/// Nora Djabbari
Curieuses sculptures cubiques qui se regardent dans cet espace exigu qu’est le Musée Zadkine. L’allure altière, la bouche dédaigneuse et la tête pensive, elles se font face, parfois illuminées par des petites lueurs de lumière filtrant de la fenêtre. Toutes ont ce petit quelque chose qui suscite l’affection. C’est un plaisir des yeux simple : ces sculptures possèdent toutes une esthétique épurée qui invite à se concentrer sur l’essentiel : l’expressivité d’une émotion ou la chaleur d’un sourire. Car c’est en effet ce qui prime dans le travail de la sculptrice Chana Orloff. Une capacité à faire de ces créations de puissantes incarnations humaines. Femmes fines ou rondes, jeunes ou âgées, affligées ou apaisées, Chana Orloff les a toutes sculptées, marquant son époque avec un regard aiguisé sur la diversité de l’expérience féminine. Il s’agit d’une personnalité oubliée de l’histoire de l’art dont vous n’avez peut-être pas entendu parler. Pourtant, quelle vie ! Son œuvre compte près de 500 sculptures auxquelles s’ajoutent plus de 3000 dessins et esquisses, mais aussi des gravures.
Véritable hommage à cette figure majeure, l’exposition s’attarde à remettre au goût du jour son talent. Comme beaucoup d’artistes de son temps, Chana Orloff a partagé le désir de renouveler l’iconographie de la femme moderne tout en adoptant un style avant gardiste. C’est d’ailleurs sans doute la raison pour laquelle son œuvre ne nous est pas encore suffisamment parvenue. Libéré de l’académisme et des grands courants artistiques de son époque comme le cubisme et l’expressionnisme, Chana Orloff a gardé un style figuratif, contrairement à ses pairs qui étaient acteurs de changements picturaux plus brutaux.
De l’évocation de sa vie à la mise en valeur de ses thèmes figuratifs fétiches, rien n’est oublié dans cette exposition. Née en Ukraine d’un père précepteur et d’une mère sage femme, Chana Orloff émigre avec sa famille en Palestine en 1905 puis rejoint Paris pour entamer des études de couture. Très vite, son attrait pour le dessin la fait connaître. Son style particulier, plein d’humour, qui peut évoquer en certains aspects la caricature, se nourrit alors au contact de son vaste cercle d’amis artistes. Modigliani, Chagall ou encore Zadkine sont autant de figures amicales qu’elle côtoya.
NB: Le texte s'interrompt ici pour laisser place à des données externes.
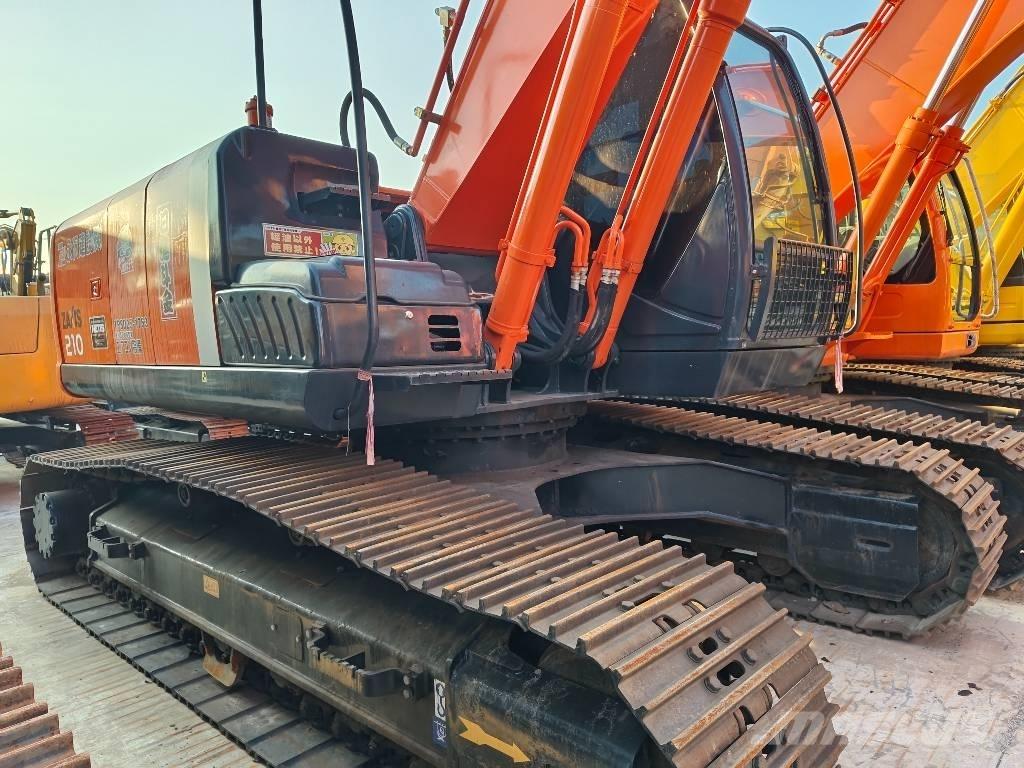 Hitachi ZX 210 Гусеничні екскаватори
Mais son style sans cesse renouvelé fut toujours marqué par l’obsession de la tendresse. Cette tendresse expressive, on la sent à travers la rondeur d’un sein nourrissant son enfant, à travers le regard vif d’une fillette ou les joues potelées d’un visage gai.
Le parcours met en valeur trois thématiques chères à la sculpteuse : la maternité, les animaux et l’enfance. Ce parcours est également marqué par l’exposition d’ œuvres évoquant des moments de douleur. Marquée par l’exil, la guerre, le deuil et la spoliation, les épreuves ont influencé son œuvre.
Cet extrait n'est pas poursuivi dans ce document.